Toyota has confirmed it is studying an option for more power for the HiLux as it seeks to meet increasing demand for more expensive utes such as the Ford Ranger Raptor, Mercedes X-Class and Volkswagen Amarok but has not revealed what – if any – more powerful engine options will make it into production.
However, there is also a compelling argument to retain or update the 200 Series LandCruiser's turbo-diesel V8.
Customers love the turbo diesel V8’s effortless power and it is unusual for a manufacturer to take an engine out of production after just 14 years. Most car manufacturers aim to get at least 20 years and two model cycles – or more – out of an engine “family”.
Plus, the 4.5-litre V8 is shared with the long-running LandCruiser 70 Series, albeit with a single turbo versus a twin turbo for the 200 Series.
That said, all previous LandCruisers have had in-line six-cylinder power – and the rest of the automotive world is downsizing engines to meet tougher global emissions standards.
Indeed, even at the launch of the 200 Series LandCruiser V8 range in 2007, Toyota was concerned about the perceived environmental impact of its new engine.
At the time Toyota said the "fuel efficiency of Toyota's LandCruiser 200 Series engines should prompt company and government fleets to reassess bans on buying V8 engines".
"These new engines demolish the argument that having a V8 engine is the same as having a gas guzzler," the boss of Toyota Australia said at the time. "Modern engine technology has advanced in leaps and bounds."
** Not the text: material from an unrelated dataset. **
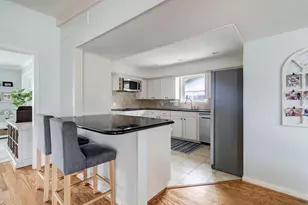 12318 Woodthorpe Ln, Houston, TX 77024 - Photo 7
While it remains unclear whether the 300 Series LandCruiser will have V6 or V8 power – or both – there is a strong likelihood it will eventually be available with the option of hybrid technology.
Given Toyota’s mission statement to add hybrid across the range by 2025, a hybrid LandCruiser may come some time after the initial launch date for the all-new model.
When asked about the LandCruiser 300 Series, Toyota Australia executives refused to enter into a discussion about timing and engine options.
The sales and marketing boss of Toyota Australia, Sean Hanley, told CarAdvice the new LandCruiser would be “highly capable”.
“Given the environments that we believe we’ll go into over the next decade there will be something for our Toyota LandCruiser owners that’s both stylish and capable. LandCruiser has a long term future for Toyota Australia,” he said.
When pressed further, Mr Hanley said: “We are flattered by the interest from customers, our dealers and the media in LandCruiser, and we appreciate there is a lot of passion, but we have nothing to announce at this time.”
To keep the LandCruiser 200 Series fresh, Toyota updated it in October 2018 with more advanced safety tech.
This, too, indicates the next generation LandCruiser is still at least two years away given that Toyota added new equipment to an ageing model, rather than wait for the next generation to arrive.
Some customers have traded-in their older 200 Series for the newer one, with a view to switching into the 300 Series a couple of years into its lifecycle.
Historically, demand for LandCruiser is strong in the first couple of years on sale even though discounts are slim to none.
Timing a trade-in three or four years from now would give Toyota time to iron out any initial niggles with the 300 Series – and allow time for pricing to settle.
In the meantime, if you’re in the Australian outback, keep an eye out while Toyota continues to test the various iterations of prototypes locally over the next couple of years.